Microsoft Bopomofo Mis-Conversion Report Tool RRS feed

  • Question

  • The above tool popped up on my screen yesterday. I am not sure whether I should send it back. The list you sent me seems "The thousand nights and a night" or Arabian nights to me.

    First of all, I am not sure this is the right forum to send this in. I don't know what your project is and what you tried to accomplish here. I assume you tried to build something for your NLP. And also, you know Phonetics is just a branch of linguistics.

    Secondary, I believe that your team knows what the inputted characters are based on the word in your tool name, Bopomofo. But, what I don't understand was that how could you say this word is the correct conversion result and this word is converted characters based on the inputted characters. One inputted character or pronunciation character may have multiple words to represent the nature language in phonetics. Bopomofo is just a set of pronunciation characters like International Phonetic Alphabet (IPA) in English.

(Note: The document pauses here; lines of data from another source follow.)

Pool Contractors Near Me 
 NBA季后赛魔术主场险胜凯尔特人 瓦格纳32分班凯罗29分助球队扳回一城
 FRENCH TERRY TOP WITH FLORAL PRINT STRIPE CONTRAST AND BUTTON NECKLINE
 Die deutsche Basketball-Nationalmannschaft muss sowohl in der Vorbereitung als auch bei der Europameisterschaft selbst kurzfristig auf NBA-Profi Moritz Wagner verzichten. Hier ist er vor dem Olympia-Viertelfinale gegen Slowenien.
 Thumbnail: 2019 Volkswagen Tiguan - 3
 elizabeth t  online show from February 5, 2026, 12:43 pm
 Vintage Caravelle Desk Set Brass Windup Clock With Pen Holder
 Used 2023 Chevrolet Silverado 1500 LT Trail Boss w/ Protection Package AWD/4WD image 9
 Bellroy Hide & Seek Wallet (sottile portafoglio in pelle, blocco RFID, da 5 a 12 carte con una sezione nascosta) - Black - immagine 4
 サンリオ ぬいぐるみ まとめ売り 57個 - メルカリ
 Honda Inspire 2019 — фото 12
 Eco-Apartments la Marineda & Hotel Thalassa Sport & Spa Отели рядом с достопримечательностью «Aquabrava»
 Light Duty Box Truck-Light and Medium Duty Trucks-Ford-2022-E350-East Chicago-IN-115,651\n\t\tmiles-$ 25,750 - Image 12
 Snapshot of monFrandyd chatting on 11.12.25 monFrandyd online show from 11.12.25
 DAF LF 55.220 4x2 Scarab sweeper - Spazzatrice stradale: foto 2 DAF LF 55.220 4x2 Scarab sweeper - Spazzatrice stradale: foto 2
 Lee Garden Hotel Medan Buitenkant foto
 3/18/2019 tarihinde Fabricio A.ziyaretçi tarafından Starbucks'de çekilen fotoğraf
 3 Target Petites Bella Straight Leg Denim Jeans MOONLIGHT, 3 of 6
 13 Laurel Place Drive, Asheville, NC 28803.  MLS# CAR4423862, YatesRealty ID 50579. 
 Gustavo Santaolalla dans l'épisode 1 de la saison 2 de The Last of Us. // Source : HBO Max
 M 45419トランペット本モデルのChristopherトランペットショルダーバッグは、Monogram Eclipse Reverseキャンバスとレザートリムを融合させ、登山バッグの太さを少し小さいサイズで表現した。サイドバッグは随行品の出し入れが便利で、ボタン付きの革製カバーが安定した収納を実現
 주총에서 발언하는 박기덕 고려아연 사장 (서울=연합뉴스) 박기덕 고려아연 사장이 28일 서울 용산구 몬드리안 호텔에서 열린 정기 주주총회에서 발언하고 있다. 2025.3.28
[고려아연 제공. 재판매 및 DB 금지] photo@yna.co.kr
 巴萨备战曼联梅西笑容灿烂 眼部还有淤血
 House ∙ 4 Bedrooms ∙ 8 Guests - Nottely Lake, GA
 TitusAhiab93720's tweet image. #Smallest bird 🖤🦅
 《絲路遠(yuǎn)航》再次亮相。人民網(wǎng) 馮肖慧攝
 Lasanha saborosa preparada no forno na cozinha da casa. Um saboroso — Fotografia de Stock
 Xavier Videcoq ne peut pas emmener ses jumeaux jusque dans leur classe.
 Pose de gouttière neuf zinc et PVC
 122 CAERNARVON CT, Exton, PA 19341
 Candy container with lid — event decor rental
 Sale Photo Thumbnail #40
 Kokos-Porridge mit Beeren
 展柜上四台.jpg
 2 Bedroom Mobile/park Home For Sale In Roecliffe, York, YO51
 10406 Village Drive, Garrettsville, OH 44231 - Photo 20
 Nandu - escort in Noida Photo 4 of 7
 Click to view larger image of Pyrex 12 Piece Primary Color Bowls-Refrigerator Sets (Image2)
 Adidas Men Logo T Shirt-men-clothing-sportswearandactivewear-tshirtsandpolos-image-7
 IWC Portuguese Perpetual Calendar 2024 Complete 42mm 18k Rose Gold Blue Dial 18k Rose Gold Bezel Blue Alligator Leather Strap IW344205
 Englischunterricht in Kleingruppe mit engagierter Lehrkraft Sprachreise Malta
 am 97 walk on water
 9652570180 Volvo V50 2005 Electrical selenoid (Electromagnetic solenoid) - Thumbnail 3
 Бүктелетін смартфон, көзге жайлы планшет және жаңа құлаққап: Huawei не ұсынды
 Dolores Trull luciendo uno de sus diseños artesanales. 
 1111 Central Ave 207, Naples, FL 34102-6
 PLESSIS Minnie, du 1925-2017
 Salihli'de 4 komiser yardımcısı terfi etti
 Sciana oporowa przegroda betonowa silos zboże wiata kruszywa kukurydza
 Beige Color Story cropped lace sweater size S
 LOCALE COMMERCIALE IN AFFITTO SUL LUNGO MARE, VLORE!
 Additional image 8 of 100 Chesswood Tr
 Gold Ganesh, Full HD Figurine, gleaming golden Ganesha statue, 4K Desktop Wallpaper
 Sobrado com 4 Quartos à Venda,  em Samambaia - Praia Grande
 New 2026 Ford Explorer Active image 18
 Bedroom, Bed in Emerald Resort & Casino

It may not have normal form in grammar or semantics phonetically.

    Tertiary, I am not linguist but I know both languages and 注音符號. To me, it doesn't make sense to analyze pronunciation characters to build your NLP or knowledge base. Language itself should be self complacency.

    I give you an example. One of the examples in the list you sent me.

    Inputted characters ˋ may have 17 words, 自, 字, 恣, 漬,..  You say 自 is a converted character and 字 is the correct conversion result based on the Inputted character ˋ.  Could you explain what you mean?  

    The next example I give you is "造紐約(矽)". I believe the original sentence was "打造紐約矽谷". You can not take three words "造紐約" to determine what the next character is 矽 or 系 . 打造紐約矽谷 means "To build New York as silicon valley 2". 矽谷 is an objective compliment. It has to be a noun. We rarely use 系 as a noun in Chinese. Unless, we say 系 as a department.   

    Your opinion is welcomed if you are interested in this topic. Thanks.



    Wednesday, September 14, 2016 6:57 PM